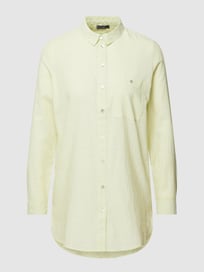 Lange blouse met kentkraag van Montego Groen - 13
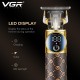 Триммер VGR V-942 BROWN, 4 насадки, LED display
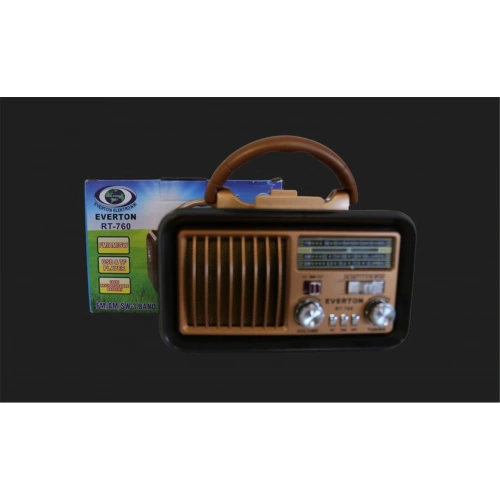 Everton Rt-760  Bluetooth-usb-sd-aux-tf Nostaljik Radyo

• • •

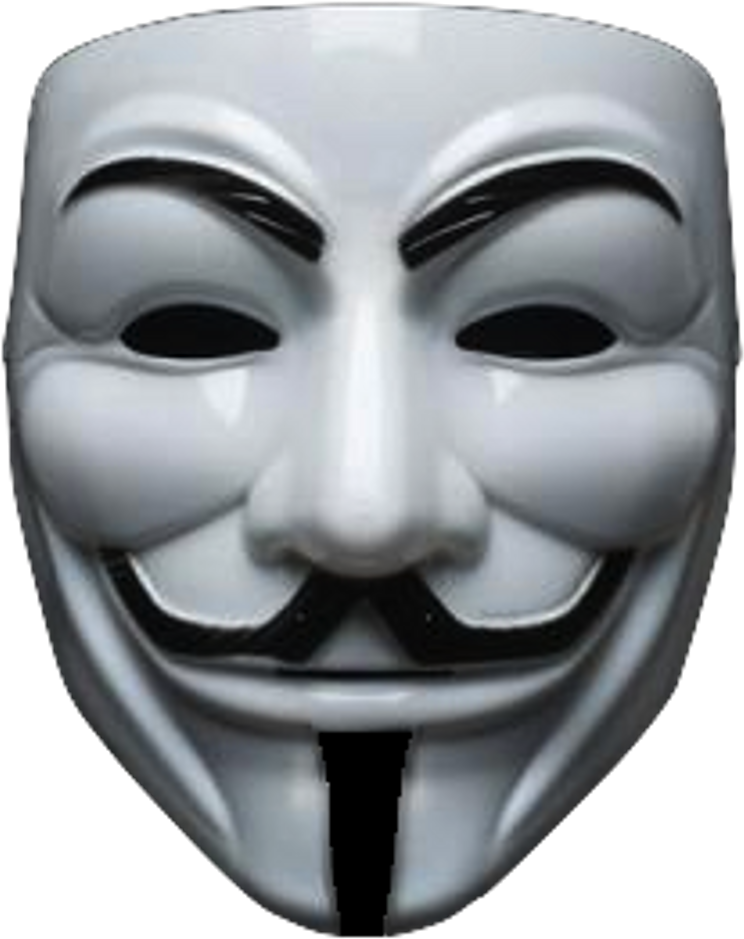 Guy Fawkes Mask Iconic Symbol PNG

• • •

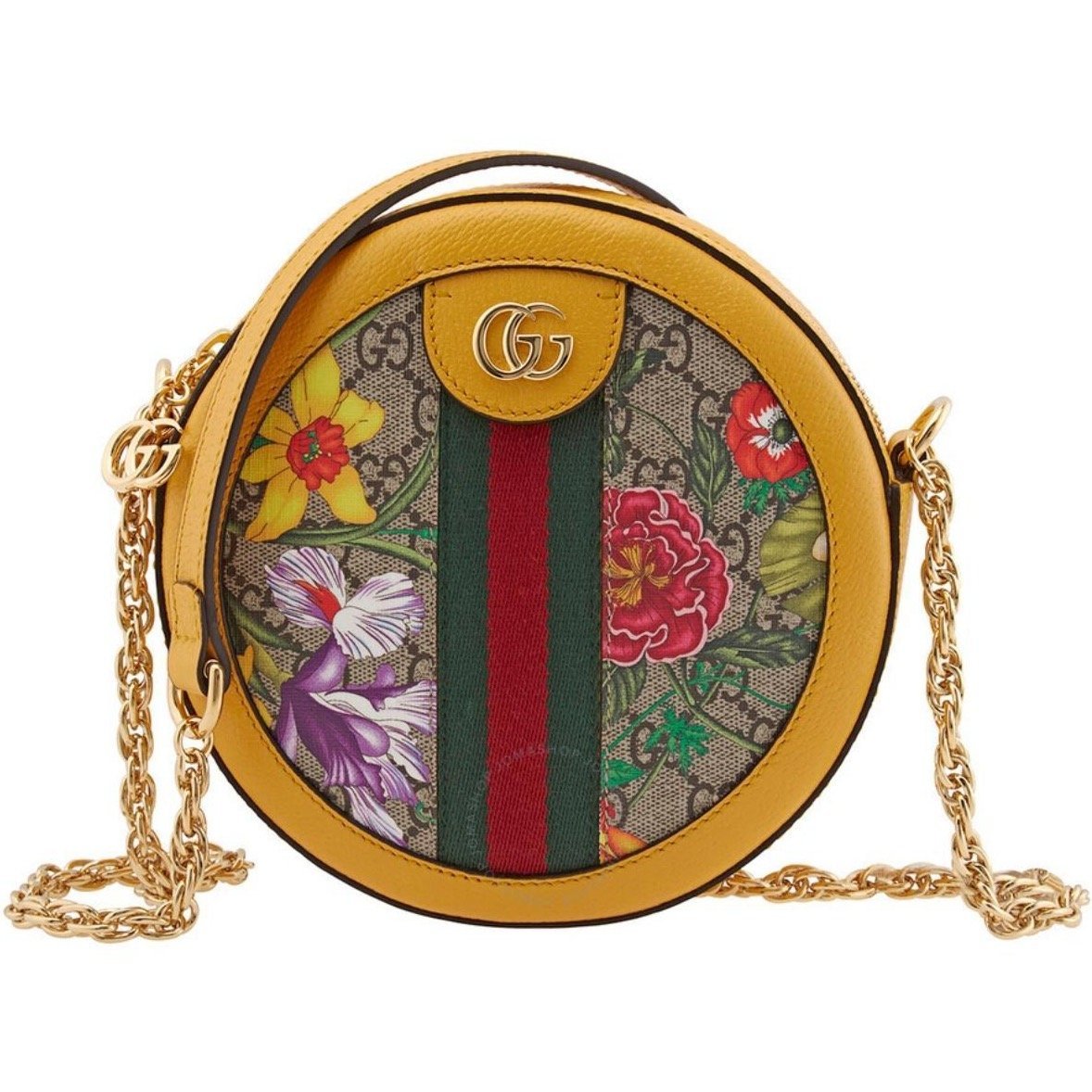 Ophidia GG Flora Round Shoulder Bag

• • •

▸ TASK GOAL
Above are records; write out the lines from the one with "Lange blouse met" down to the one with "Bluetooth-usb-sd-aux-tf Nostaljik Radyo", exactly, leaving the pictures out.

▸ SOLUTION FOR THIS PROBLEM
 Lange blouse met kentkraag van Montego Groen - 13
 Триммер VGR V-942 BROWN, 4 насадки, LED display
 Everton Rt-760  Bluetooth-usb-sd-aux-tf Nostaljik Radyo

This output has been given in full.